1. Aug 23rd, 2008

    Dumb, and faster, databases

    Experiences like this take me two decades back, when I was introduced to RDBMS as “slower, heavier, but oh so good for …”. Somewhere along the way we lost both qualifications. There’s an ongoing myth that declarative is always faster/better because it lets the software smarts kick in, SQL must therefore be … Worse, I bet most people who do use a database server can’t even complete the sentence “good for ____”.

    It’s just something you do, let’s not ask why.

    Well, why?

    Put another way, taking the brain-dead stupid, non-SQL, mainframe-like approach got me results 12 times faster than doing it the seemingly “correct” way.

    Now this isn’t exactly what the whole disk vs. tape thing is about but it’s pretty close.

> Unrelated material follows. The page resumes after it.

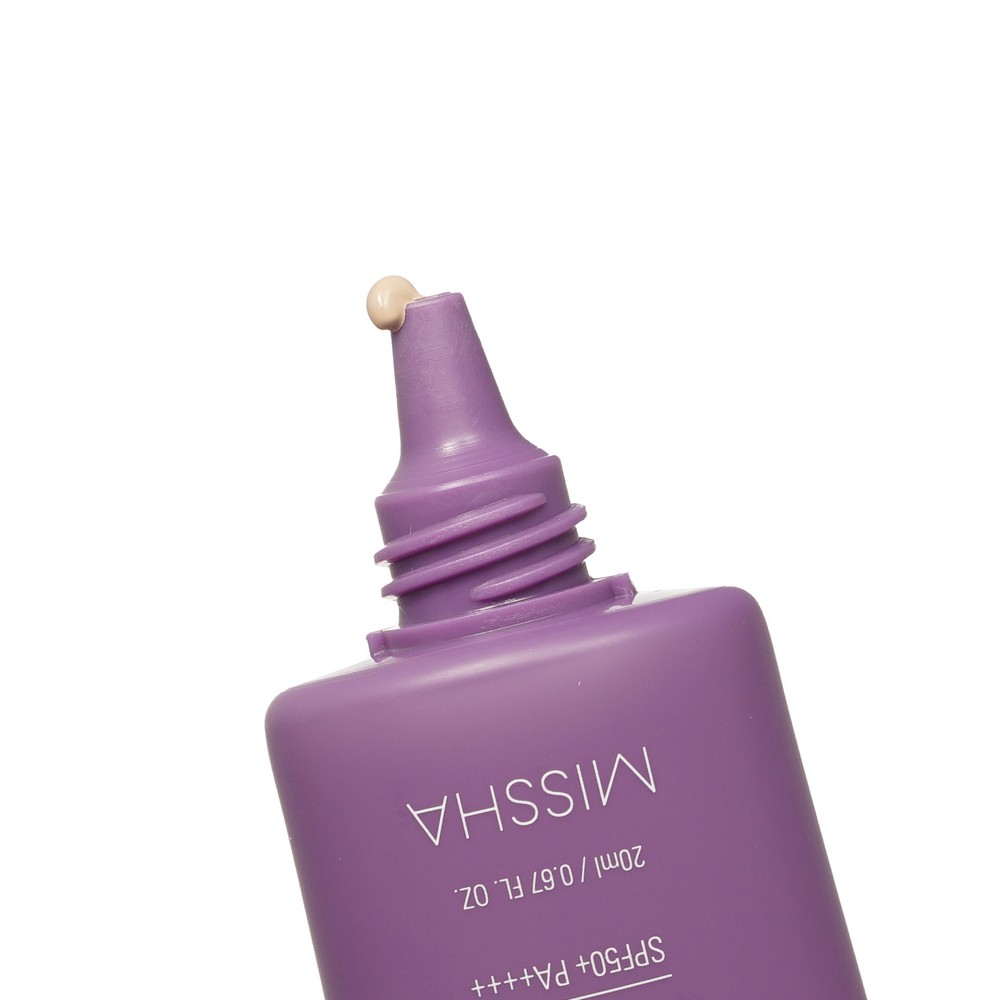 Тональный BB крем для лица Missha M Perfect Cover Serum с антивозрастной сывороткой SPF 50+ 21 20мл. Фото 6.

I’m aware that InnoDB works with pages (that will contain multiple records, some of which I don’t need) and that’s part of the problem in this scenario. But it’s a really interesting data point. And it’s certainly going to change my thinking about working with our data in the future.

    Not to say that RDBMS are bad for what they do, just that applied liberally they’re stillĀ incapableĀ of restoring a receding hairline. And that’s not the only problem they’re bad at solving.

    1. Aug 24th, 2008

      jeremy

      Whenever I read something along the lines of “I tried to do xyz in SQL and I couldn’t work it out/it wasn’t fast enough, so instead I did it with zyx” my immediate thought is “I bet their schema, indexes or query is incorrect”. I think this is definately the case here after reading the rest of the post and comments.

      In the worst case the product could be to blame (often MySQL), but another RDBMS will probably be able to handle what you’re trying to do in a sensible fashion. Without looking at the alternatives you end up saying all RDBMS are bad for a particular task, whereas that isn’t necessarily the case.

    2. Aug 25th, 2008

      Assaf

      “Jeremy Zawodny is an incoming employee of Craigslist, having left Yahoo!’s platform engineering group. He has been described as ‘Yahoo!’s MySQL guru’”

      I’m just saying (source: Wikipedia, so you know it must be true!)

      The problem is not RDBMS, but that people hold on to certain “truths” that are wrong. Computers are very lousy in playing along to our believes. If you know how the query optimizer works and the algorithms it uses, you know why (and when and where) it’s wrong. I think most people will find it easier to relate to a real life example, rather than discussing the internals of query optimizers, which is why I chose to link to this post.

      And the problem is not isolated to MySQL, all the major database servers have these issues.

    3. Aug 27th, 2008

      Jason Watkins

      Assaf: I agree with the general idea, however MySQL’s query planner is particularly dumb, and it’s lack of certain features taken as given for other database engines (ie hash join) amplifies the problem.

    4. Aug 27th, 2008

      Chipping the web: August 26th — Chip’s Quips

      [...] Labnotes » Dumb, and faster, databasesPrecisely why Synergy DBMS still powers some of the heaviest used apps in the world.Tags: sql performance database [...]

    5. Aug 27th, 2008

      Ole Phat Stu

      Could it be that 3rd normal form is slower than 2nd is slower than 1st?
      And 3NF is what most people use/undertsand by a RDBMS?

    6. Aug 27th, 2008

      apotheon

      Unfortunately, Stu, if you’re running a database in first normal form, you’re running an almost random pile of data — at least as far as maintenance is concerned. That’s not exactly something I’d care to deal with over long periods, except in data sets so small I’d be better off using a flat file anyway (like Firefox’s cookie policy exceptions database).

    7. Aug 27th, 2008

      Assaf

      Generally, higher normal forms would be slower to query: there’s more work involved because the data is spread over more rows, and query optimizers are only so smart. But higher normal forms is where the relational model shines.

      Like, Apotheon said, if you don’t care about higher normal forms, perhaps you shouldn’t be using an RDBMS to begin with. If the best way to manage your data is 3NF (or 4NF or 5NF), then you’re willing to put up with less performance for the added benefits.

      What I see a lot of people doing, is using RDBMS because they need to store data. Fail.

      Without understanding what RDBMS are good for you end up misusing them. On one end we have cases where the RDBMS adds unnecessary complexity that slows you down (performance and development). On the other hand, poor schemas that don’t take advantage of the relational model.